Aujourd’hui, plus de 100.000 nigérians sont réfugiés au Niger (source : HCR) dont quelques 30.000 rien que ces deux derniers mois. L’armée camerounaise, ayant réussi à contenir jusque-là les assauts de BH, est en limite de capacité et redoute de se faire déborder dans l’extrême Nord. Ce qui a sonné l’urgence absolue pour le Tchad. Ndjamena, la capitale, est située à peine à 80km de la frontière du Cameroun. A la fin de l’année 2014, le Niger a décidé de maintenir la route « Tchad-Cameroun » pour acheminer son brut d’Agadem par un oléoduc jusqu’au terminal pétrolier camerounais de Kribi ; « l’ouverture officielle de la vanne est prévue à l’horizon 2016 ». Alors que face à l’insécurité grandissante à Diffa, il était encore question de passer par le Bénin, quelques mois auparavant, même si cela aurait coûté deux fois plus cher. De facto, le Niger va devoir lutter contre BH pour son intérêt vital.

Lamine THIAM

ENCADRE

Boko Haram

Le président de la Commission Electorale Indépendante (INEC) Attahiru Jegain a annoncé le 7 février dernier, le report de six semaines du calendrier électoral 2015. Ce qui renvoie les élections présidentielles et législatives au 28 mars au lieu du 14 février. Une victoire symbolique pour Boko Haram ? Cette décision a été prise à la suite d’une tractation avec l’état-major de l’armée et le Conseiller National pour la Sécurité Sambo Dasuki. Les forces armées nigérianes ont officiellement déclaré qu’elles seraient incapables d’assurer la sécurité de la région orientale; lieu où se déroule actuellement une opération militaire transnationale contre la secte Boko Haram. Six semaines seraient-elles suffisantes pour mettre hors d’état de nuire le groupe islamiste qui y sévit depuis 2009 ?
Face à la détérioration de la situation sur le terrain, les pays voisins ont décidé d’engager leurs forces armées. Et ce, en dépit de la décision de l’Union Africaine de déployer 7.500 hommes pour lutter contre Boko Haram. Comme elle est conditionnée par un mandat du Conseil de Sécurité et d’un hypothétique financement international, l’arrivée de cette force multinationale sur le théâtre des opérations n’interviendra pas avant la fin de l’année 2015.

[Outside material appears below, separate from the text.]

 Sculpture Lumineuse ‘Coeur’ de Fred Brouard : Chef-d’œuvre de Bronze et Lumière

Aujourd’hui, seule la France confirme que quelques dizaines de ses officiers de liaison sont infiltrés dans le Sud-est du Niger.

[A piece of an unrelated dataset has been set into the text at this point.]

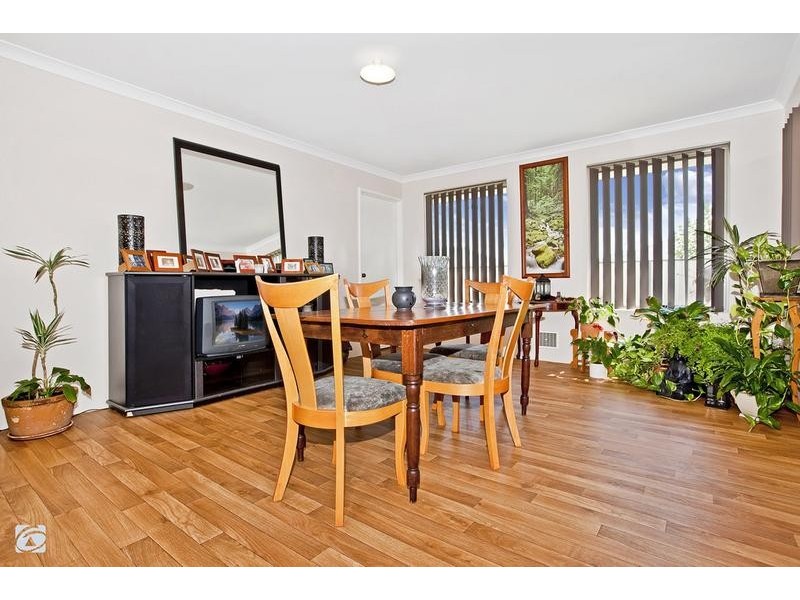 21 Araluen Bend, Aubin Grove WA 6164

Quant au Tchad, le président Idriss Deby a obtenu de la part des autorités nigérianes un droit de poursuite sur son territoire des milices armées de Boko Haram. Ainsi l’armée tchadienne a entamé une vaste offensive au Nigéria et au Nord du Cameroun. La conquête de Boko Haram est devenue une menace pour les intérêts vitaux du Tchad. En effet, ses produits d’importation débarquent au port de Douala et empruntent un axe routier de 1.800 km pour arriver à Ndjamena. Tandis que son brut est évacué par un oléoduc jusqu’au terminal de Kribi sur l’océan Atlantique.

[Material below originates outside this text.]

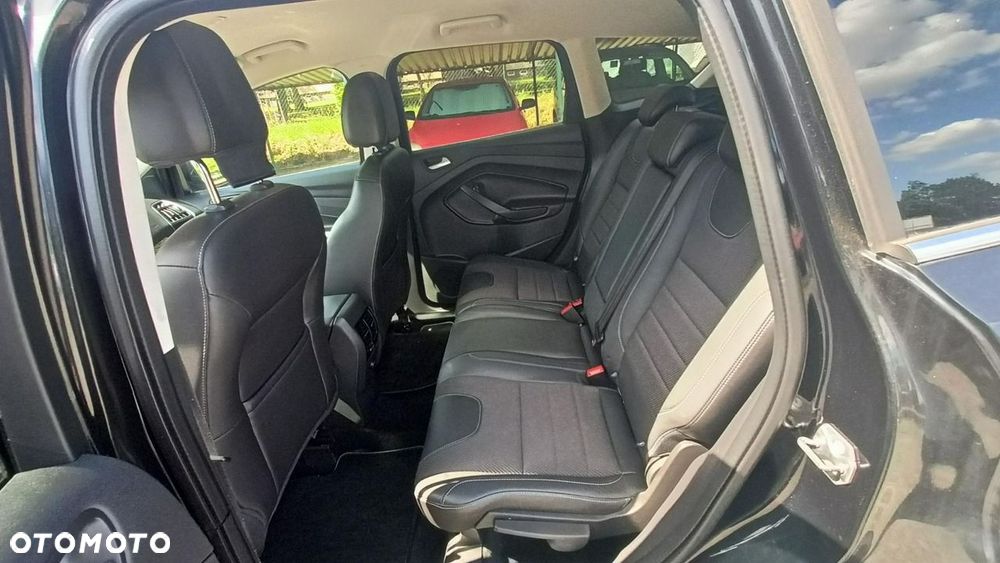Ford Kuga - 12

Quant au Niger, le parlement votera en urgence dans les jours à venir, le déploiement hors de ses frontières de son armée. Les miliciens de Boko Haram ont déjà traversé le fleuve Yobé pour s’en prendre à la région de Diffa, une attaque qui était attendue avec une certaine fatalité depuis que Abubakar Shekau a proféré sa menace de destruction des raffineries nigériennes, il y a maintenant un an.